I had been to auctions before. My Dad enjoyed them, and it was a cheap activity to do with little kids. These were country auctions. Outdoors. At farms. There were usually wagons and trailers spread over the yard piled with boxes that themselves were piled with goods for sale.
At this particular auction, there was a wagon full of cartons that seemed to have been packed in the kitchen. There were dishes and spatulas and gadgets. One box was full of tarnished silver dishes.
I was young, maybe just a teenager. But I’d started collecting a few silver pieces.
This box had a dish that I wanted to add to my collection. It was a silver butter dish. What made it special was the lid, which was capped with a butterfly. My Dad agreed that it was pretty, and he said he’d bid on it for me.
The auctioneer circled around the wagon, selling off boxes one at a time. Then, he pointed his cane at my box. One of his assistants picked it up. The bidding was on.

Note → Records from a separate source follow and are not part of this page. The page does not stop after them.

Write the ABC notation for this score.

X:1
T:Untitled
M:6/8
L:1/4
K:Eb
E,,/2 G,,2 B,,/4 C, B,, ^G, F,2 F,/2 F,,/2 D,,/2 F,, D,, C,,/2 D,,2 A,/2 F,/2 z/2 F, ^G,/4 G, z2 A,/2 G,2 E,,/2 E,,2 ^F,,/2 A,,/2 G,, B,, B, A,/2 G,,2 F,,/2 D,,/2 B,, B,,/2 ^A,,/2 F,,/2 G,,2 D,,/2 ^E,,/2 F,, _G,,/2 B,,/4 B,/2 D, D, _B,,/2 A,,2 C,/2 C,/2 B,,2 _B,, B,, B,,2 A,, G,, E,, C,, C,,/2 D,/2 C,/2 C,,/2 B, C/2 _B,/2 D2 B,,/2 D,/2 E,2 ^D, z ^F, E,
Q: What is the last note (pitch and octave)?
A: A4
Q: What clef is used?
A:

My eyes shot back and forth between the box and my Dad. The assistant reached into the box and pulled out a dish and held it up for people to see. The auctioneer kept chattering, calling the next price, driving the bidding on. The assistant pulled another dish out of the box. It was the bottom of the butter dish.

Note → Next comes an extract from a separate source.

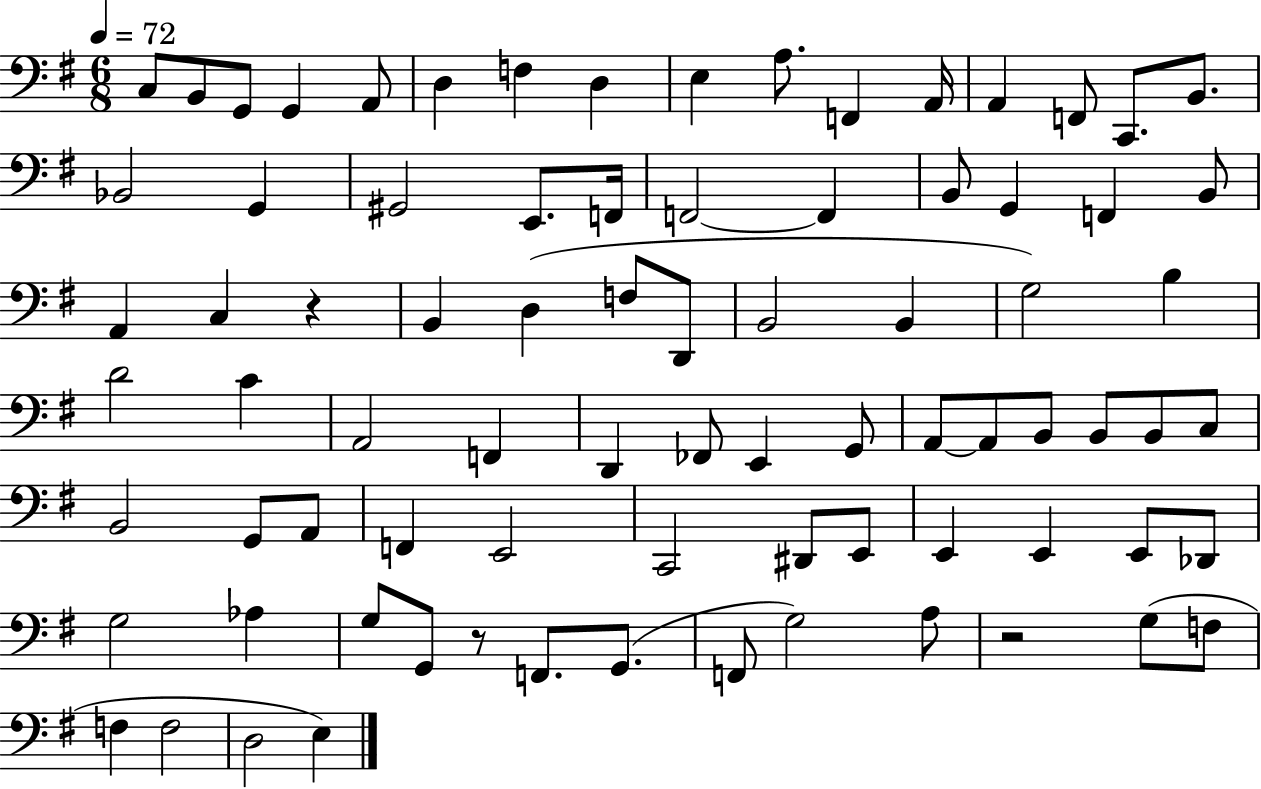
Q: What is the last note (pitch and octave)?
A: E3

My Dad looked at me. He said, “Are you sure that’s the one?” Nearly frantic, I nodded yes. He bid. The price jumped maybe twice more, and then the box was mine.
We came forward to take the box and moved off to the side so that we could look at what we bought. The butter dish, including the lid, was there.
People started coming up to us. “I didn’t realize this was the box. Would you consider selling the butterfly dish?”
No, I wouldn’t.
Inside, I was gleeful the assistant had only held up the bottom of the dish and not the lid. I was grateful that my Dad had trusted me that this was the box. I was thankful the price hadn’t gone too high (I think my Dad paid just either $20 or $50 for the box). I was excited the butterfly was mine.
I’m still all of those things.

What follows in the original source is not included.